À beira de um córrego do bairro Km3, muito atingido, a recicladora Edilene Silva, 19, revisita o que sobrou da casa em que moraria com o filho. “Perdi imóvel, carreta, tudo, como todos aqui”. Kátia Silva e Leandro Souza, ex-moradores do bairro, estão abrigados no Centro Desportivo Municipal, mesmo espaço usado para reconhecimento dos corpos na tragédia da Kiss. Perderam casa e, dizem, só deixarão o local quando for possível ter outra.
Em São João do Polêsine, próximo a Santa Maria, a aposentada Inarema Santos, 72, se abala ao rever pela primeira vez, soterrada, a casa em que viveu por mais de 50 anos. Amparado pelo filho, o taxista Luiz Perlin, 43, se emociona ao relembrar perdas recentes de familiares. “Estamos vivos, mãe!”, fala alto o filho, numa tentativa de consolo.

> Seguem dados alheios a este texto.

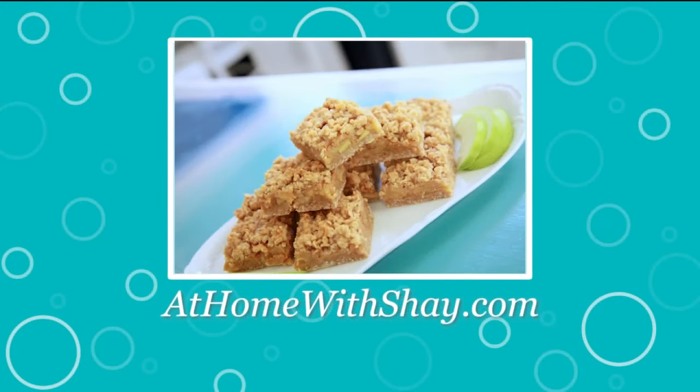You can find this recipe for caramel apple bars and many more recipes at homewitshea.com. Shea Ryan, ABC Action News.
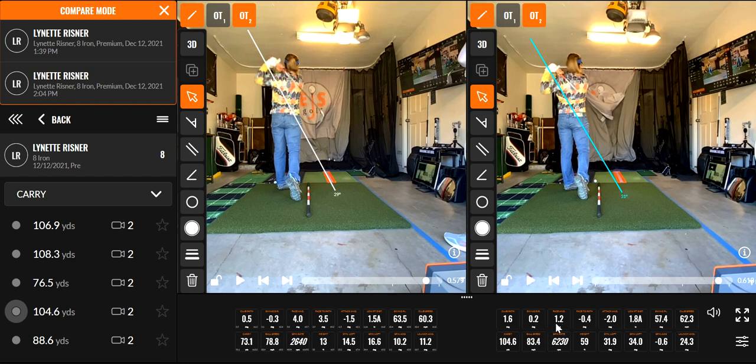Obviously face angle is better. She was just letting it free wheel and not trying to control it with her hands. And look what happens — look how much better it is. Look at the difference in swing plane: 63.5 to 57.4. Comes down not as steep. So overall, you just see these numbers and it's just hugely different from what she did before.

“Tragédias dessa magnitude, em sequência, tendem a adoecer pessoas e agravar a condição dos que já fazem tratamento psíquico”, avalia o psicanalista Volnei Dassoler, coordenador do Santa Maria Acolhe, da Secretaria de Saúde de Santa Maria, que atuou nos dois episódios. “O poder público precisa oferecer cuidado especializado nessas situações”.